- [Problem requirements]
Retype the data that follows exactly. No pictures belong in the copy.

** Opening Data below block **

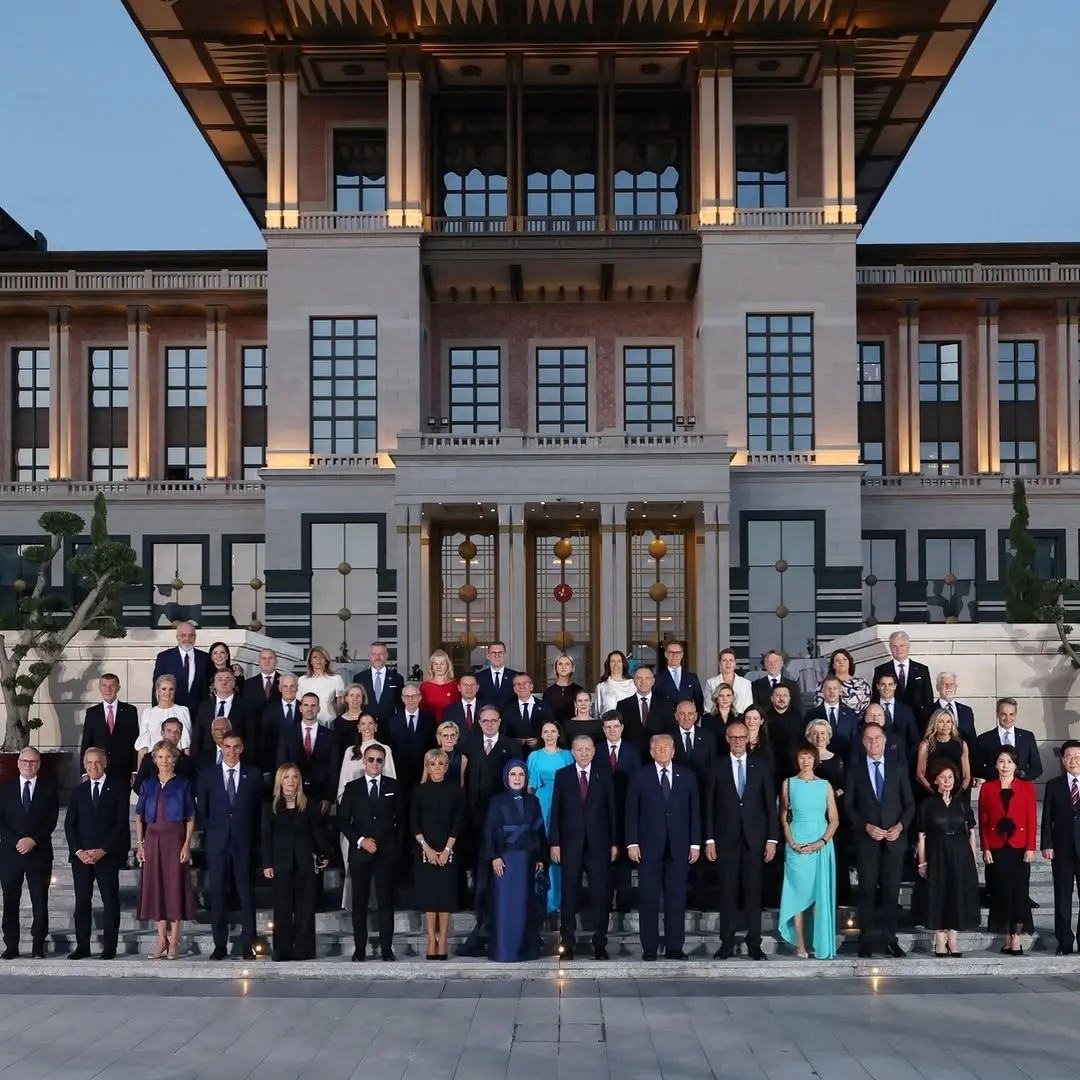 Türkiye, Dünya Diplomasi Merkezine Dönüşüyor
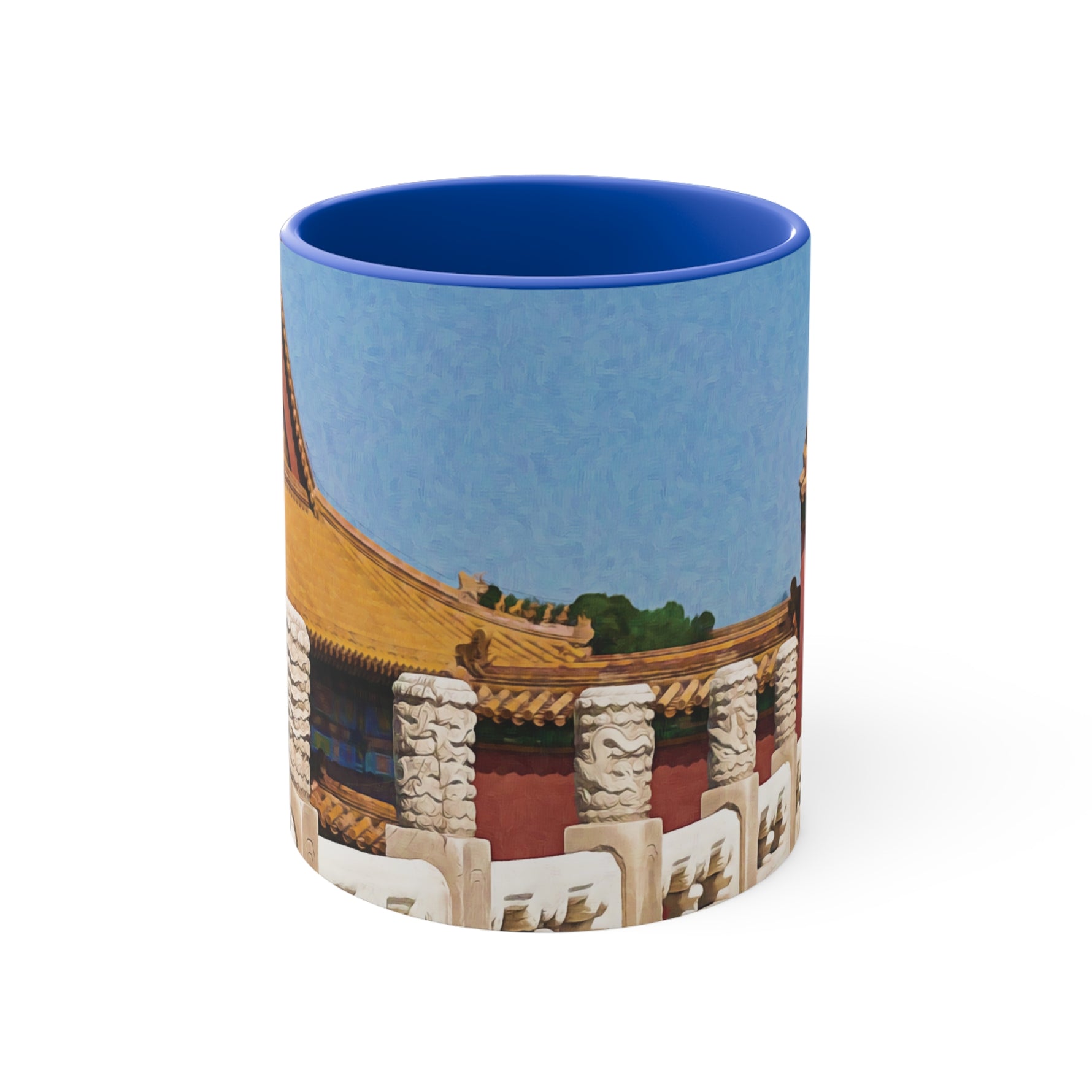 Mug 11oz - China's Beauty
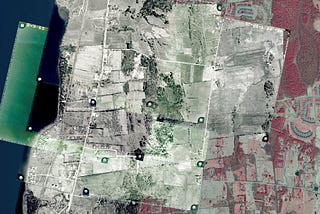 Georeferencing Vermont’s Historic Aerial Imagery in QGIS: How-To and Lessons Learned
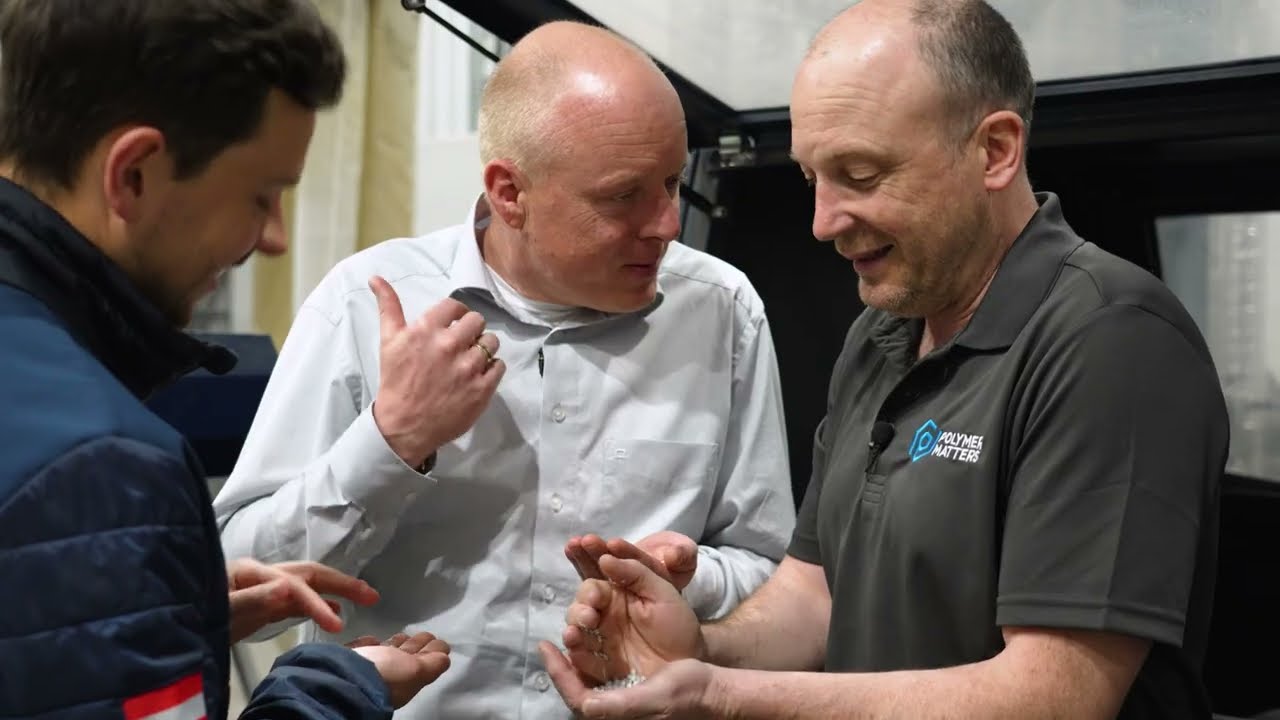 Success Story: HDPE Recycling | Polymer Matters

** Closing Data below block **

- [Expected output]
 Türkiye, Dünya Diplomasi Merkezine Dönüşüyor
 Mug 11oz - China's Beauty
 Georeferencing Vermont’s Historic Aerial Imagery in QGIS: How-To and Lessons Learned
 Success Story: HDPE Recycling | Polymer Matters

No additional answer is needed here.